وَمَنْ نُعَمِّرْهُ نُنَكِّسْهُ فِي الْخَلْقِ أَفَلَا يَعْقِلُونَ

Dan barang siapa Kami panjangkan umurnya niscaya Kami kembalikan dia kepada kejadiannya. Maka apakah mereka tidak memikirkannya? (QS. Yasin, 68).

Imam Ibnu Katsir (w. 774 H/1372 M) menjelaskan: “Allah swt. mengabarkan bahwa seorang hamba ketika usianya semakin tua, maka ia dikembalikan dari kuat menjadi lemah, dan dari gesit menjadi lamban” (Ibn Katsir, Tafsir Ibn Katsir, VI/588). Kemudian Abd al-Rahman al-Sa’di (w.1957 M) menerangkan bahwa manusia akan kembali ke dalam keadaan semula, keadaan yang lemah, lemah dalam pikiran dan lemah dalam kekuatan. Manusia mulai berkurang dalam berbagai hal. Karena itu hendaknya mereka (manusia) memanfaatkan kekuatan dan daya pikirnya untuk melakukan ketaatan kepada Tuhannya (Abd al-Rahman al-Sa’di, Tafsir al-Sa’di, I/698).

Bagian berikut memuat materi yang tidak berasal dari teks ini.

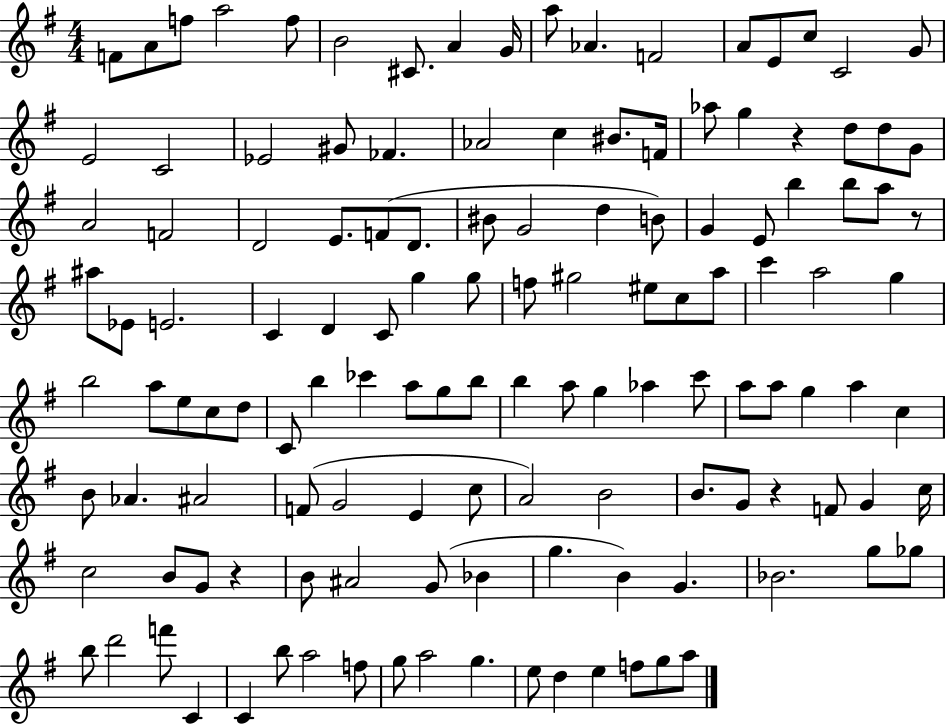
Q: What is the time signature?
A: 4/4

Berusia hingga 60 tahun termasuk usia yang panjang. Usia yang panjang memang termasuk kenikmatan, sehingga banyak orang berdoa untuk dipanjangkan umurnya. Namun, harus difahami bahwa usia panjang itu bukan mutlak kenikmatan, tetapi kenikmatan yang muqayyad (dengan batasan tertentu), artinya berusia panjang tidak otomatis lebih nikmat dan berbahagia daripada orang yang memiliki usia pendek. Usia panjang baru berarti dan menjadi nikmat yang sebenar-benarnya, apabila usia yang panajang tadi bisa dimanfaatkan dengan baik, yakni dimanfaatkan untuk melakukan urusan-urusan kebaikan, amal shaleh dan ketaatan kepada Allah swt.  Nabi saw. bersabda:

خَيْرُ النَّاسِ مَنْ طَالَ عُمْرُهُ وَحَسُنَ عَمُلُهُ

Sebaik-baik manusia adalah orang yang panjang umurnya dan baik amalannya (HR. al-Tirmidzi No. 2329).  Al-Albani menilai hadis tersebut sahih (al-Albani, Sahih al-Targhib Wa al-Tarhib, III/170).

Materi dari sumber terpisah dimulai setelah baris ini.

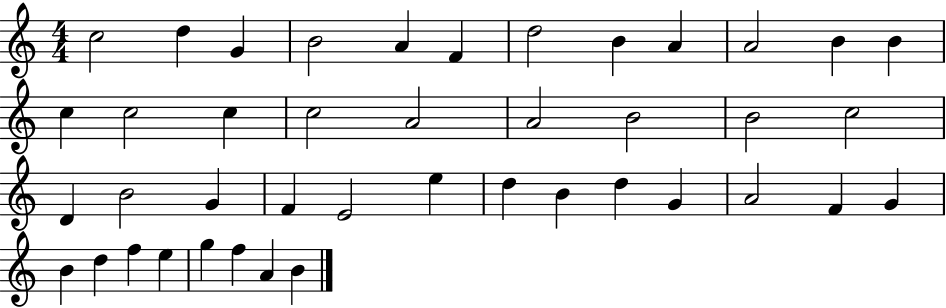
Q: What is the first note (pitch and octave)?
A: C5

 Hadis tersebut mengingatkan kita, terutama yang sudah tua, seperti yang sudah berusia 60 tahun, atau siapa saja yang menginginkan panjang usia, bahwa yang penting itu bukan usianya yang panjang, tetapi yang lebih banyak dan lebih baik amalnya dalam mengisi kehidupannya. Usia pendek tidak mengapa asal amal salehnya banyak.

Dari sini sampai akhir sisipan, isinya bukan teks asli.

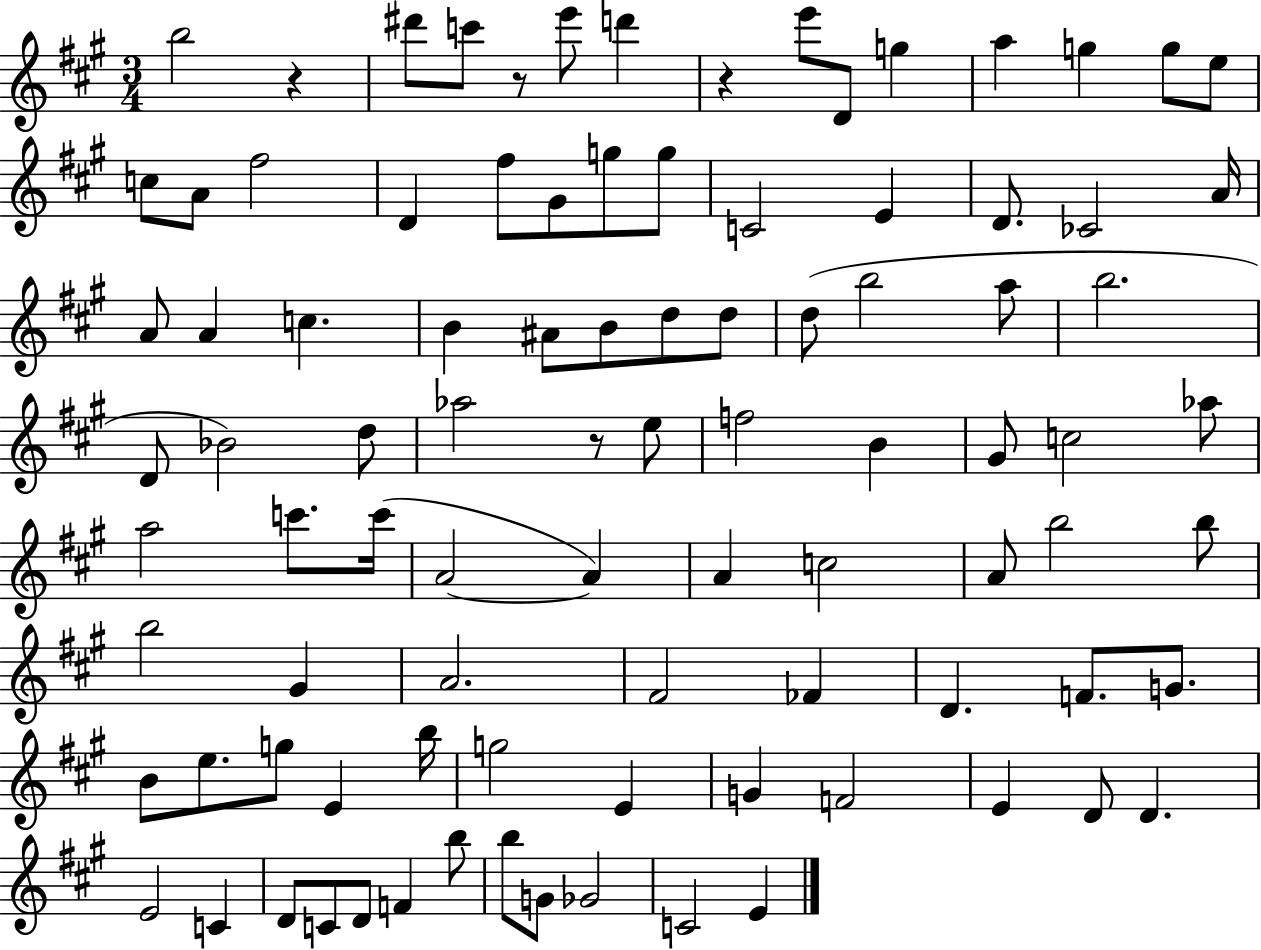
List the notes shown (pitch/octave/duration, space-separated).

B5/h R/q D#6/e C6/e R/e E6/e D6/q R/q E6/e D4/e G5/q A5/q G5/q G5/e E5/e C5/e A4/e F#5/h D4/q F#5/e G#4/e G5/e G5/e C4/h E4/q D4/e. CES4/h A4/s A4/e A4/q C5/q. B4/q A#4/e B4/e D5/e D5/e D5/e B5/h A5/e B5/h. D4/e Bb4/h D5/e Ab5/h R/e E5/e F5/h B4/q G#4/e C5/h Ab5/e A5/h C6/e. C6/s A4/h A4/q A4/q C5/h A4/e B5/h B5/e B5/h G#4/q A4/h. F#4/h FES4/q D4/q. F4/e. G4/e. B4/e E5/e. G5/e E4/q B5/s G5/h E4/q G4/q F4/h E4/q D4/e D4/q. E4/h C4/q D4/e C4/e D4/e F4/q B5/e B5/e G4/e Gb4/h C4/h E4/q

Sebagai contoh, Imam al-Nawawi (w. 676 H/1277 M) yang hanya berusia 45 tahun namun menghasilkan karya yang luar biasa, sehingga berjasa bagi orang banyak. Jumlah karyanya sekitar 40 kitab, di antaranya yang sangat monumental adalah Kitab Syarah Shahih Muslim, dan al-Majmu’ Syarah al-Muhadzdzab. Di negeri kita Indonesia ada nama Jendral Sudirman (w. 1950 M) hanya berusia 34 tahun. Beliau dikenal sebagai Jendral Besar berbintang lima yang sangat berjasa dalam mempertahankan kemerdekaan Indonesia.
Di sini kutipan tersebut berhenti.